When a handful of Winnipeggers decided the time was ripe to take on the “royal and ancient game” in 1894, they couldn’t have foreseen that their humble beginning would result in the city turning into a golf mecca with more courses per capita than any other major North American centre. After all, none of them really knew what the game of golf was all about. In today’s vernacular, they would be know as a collection of “duffers.”
In the same context, the group of 23 prominent businessmen who organized the St. Charles Country Club in 1904 may have set out to establish the best course in the city, but they probably hadn’t foreseen that their course, built in the midst of the bald prairie, would eventually gain a national reputation as one of Canada’s finest. The fact of this well-earned reputation was underscored this week with St. Charles playing host to the CN Canadian Women’s Open, which ends on Sunday, August 29. But the open is just one of many national championships St. Charles has hosted since it officially opened in 1905.

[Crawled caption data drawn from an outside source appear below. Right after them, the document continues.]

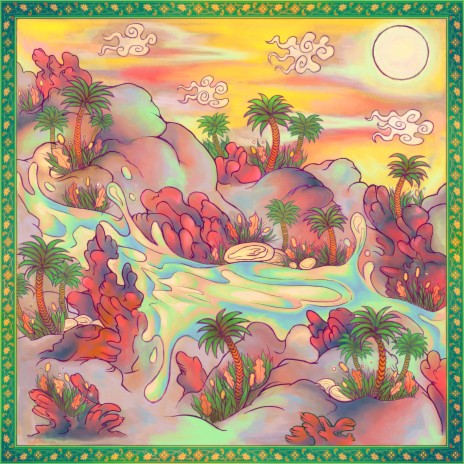 Prayer Song (Vincent Antone Remix) ft. Vincent Antone & Mah Ze Tar cover art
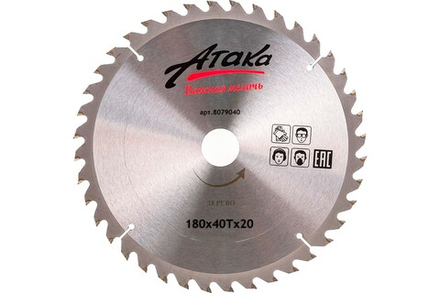Пильный диск по дереву Атака 180*40T*20 ч/рез профи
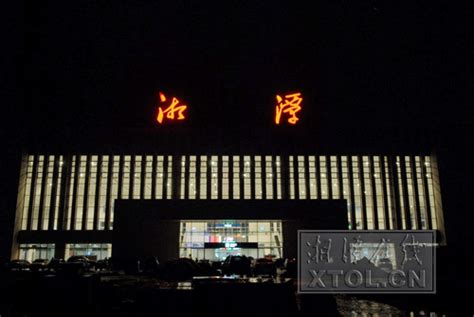 全国地级市最好火车站之一 湘潭火车站今晨迎客 - 头条新闻 - 湖南在线 - 华声在线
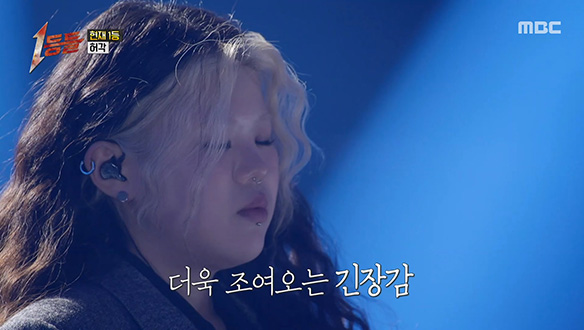 또 다시 1등에 도전장을 내민 강심장, 이예지 <너를 위해> 클립 이미지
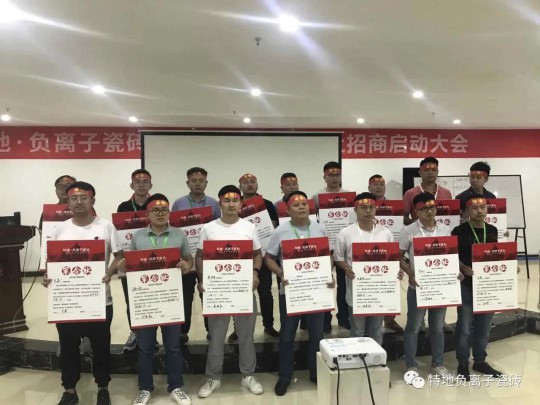 特地負離子瓷磚2020年中總結(jié)表彰大會舉行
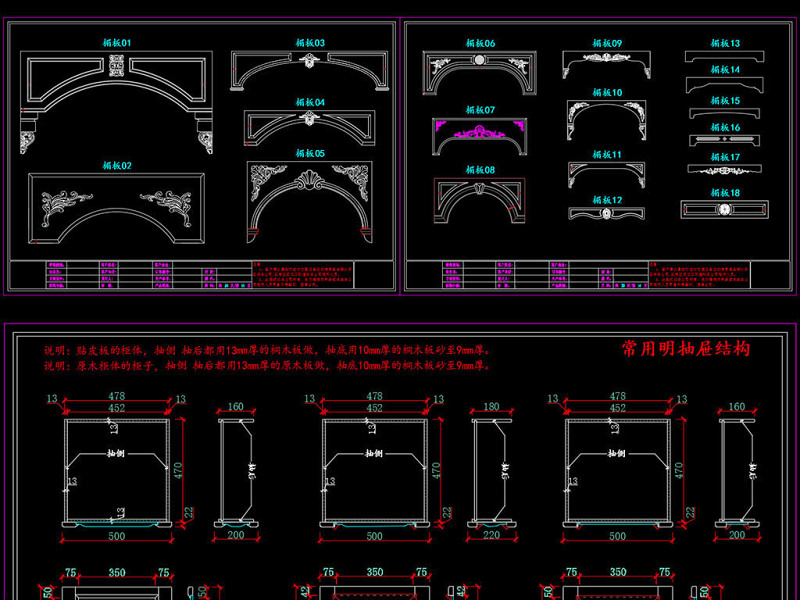 原创整木定制<a href=https://www.yitu.cn/su/7590.html target=_blank class=infotextkey>设计</a>师标准<a href=https://www.yitu.cn/su/6996.html target=_blank class=infotextkey>模块</a>CAD图库-版权<a href=https://www.yitu.cn/su/7381.html target=_blank class=infotextkey>可商用</a>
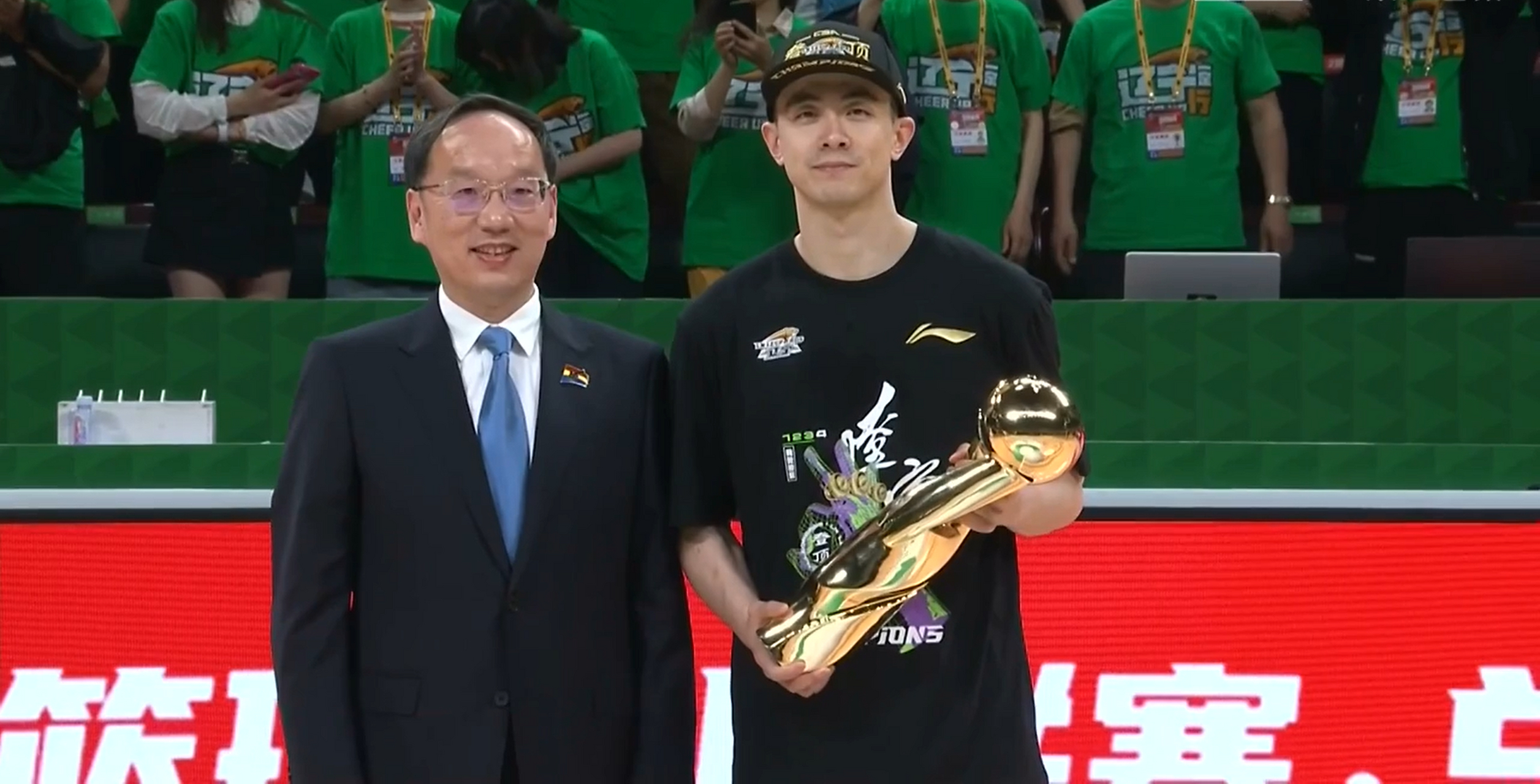 2022-2023cba总决赛mvp——赵继伟#cba# #cba总决赛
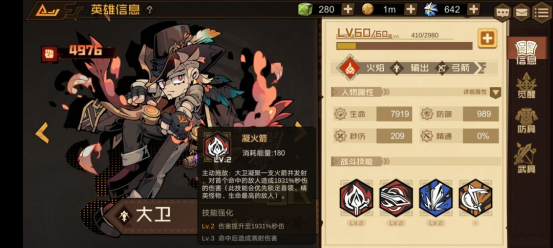 伍迪角色立绘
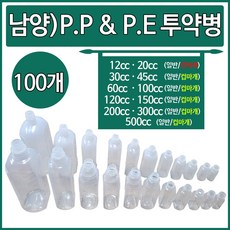 남양) PE PP 투약병, 100개, 200cc P.E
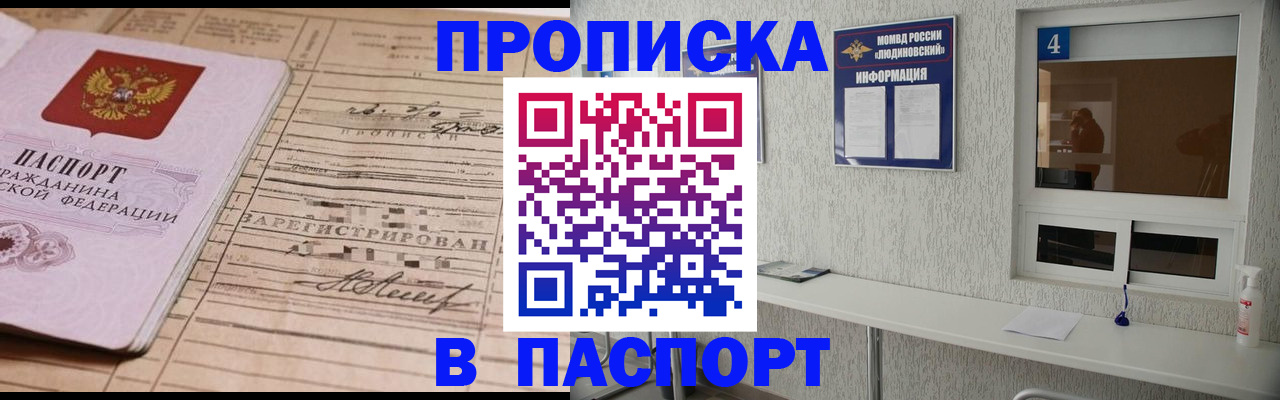 временная регистрация в Городце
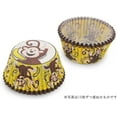 thumbnail image 6 of Standard Baking Cups-Monkey Business, 6 of 6
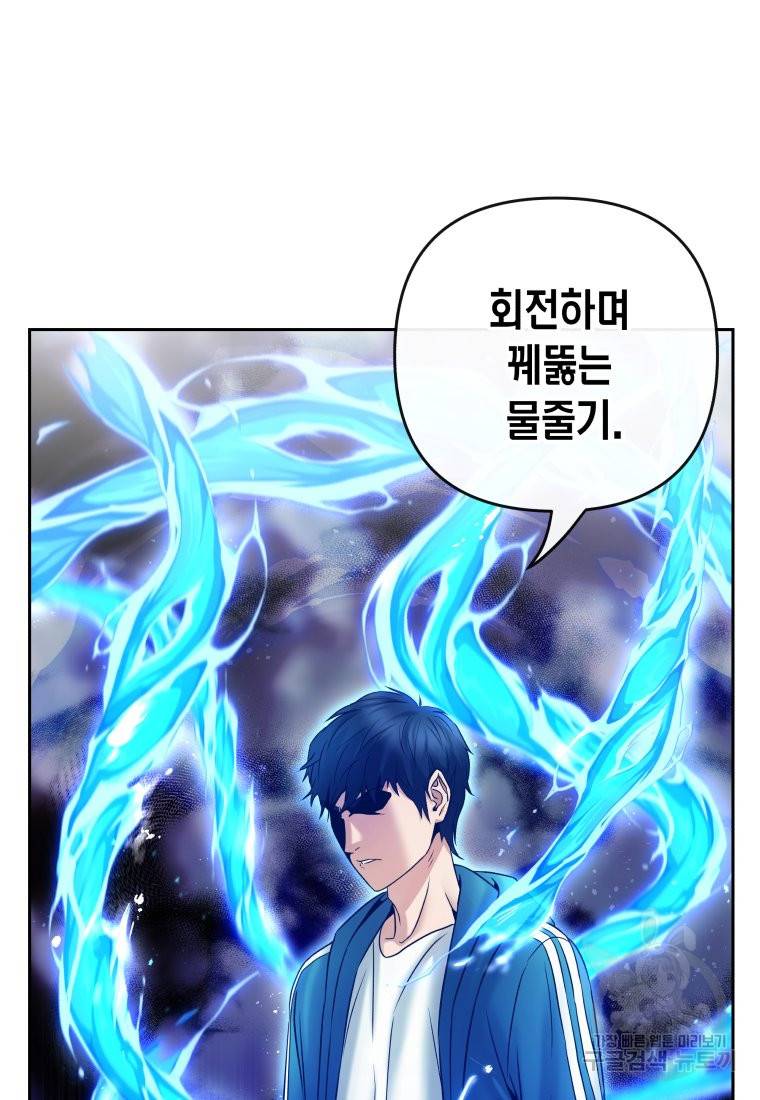 방송 천재 도사 전우치 12화 36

“Bordering on the beautiful winding Assiniboine, five miles west of the city limits is the magnificent stretch of park-like grounds belonging to the St. Charles Country club, an institution that already compares favorably with other excellent organizations of its kind in Canada.” is how an unnamed writer used his vivid imagination to describe the course in a Manitoba Free Press article on October 7, 1905. The writer had to use his imagination, since photographs of the era show a rather barren landscape, mostly devoid of trees. Although a 1905 photo shows the club house as a magnificent edifice, a lone buggy and horse in front of the building are the only other objects to break the monotony of the otherwise bleak grounds. 
Since horse-and-buggy was the main means of transportation at a time when the automobile was a novelty, there was a stables located west of the club house capable of accommodating “a large number of horse so that members and their guests may drive from the city when they prefer, or may go in saddle, as a pleasant and healthy form of exercise.” 
Actually, St. Charles has a long association with horses and riders, having pioneered polo in the province as well as steeple-chasing. In the modern sense, a less politically-correct pursuit was when it played host to fox hunting, complete with baying hounds. 
In another photo, two golfers are shown playing on a flat expanse of rough ground that stretches to the horizon. The caption reads: “Country club golf links near club house.”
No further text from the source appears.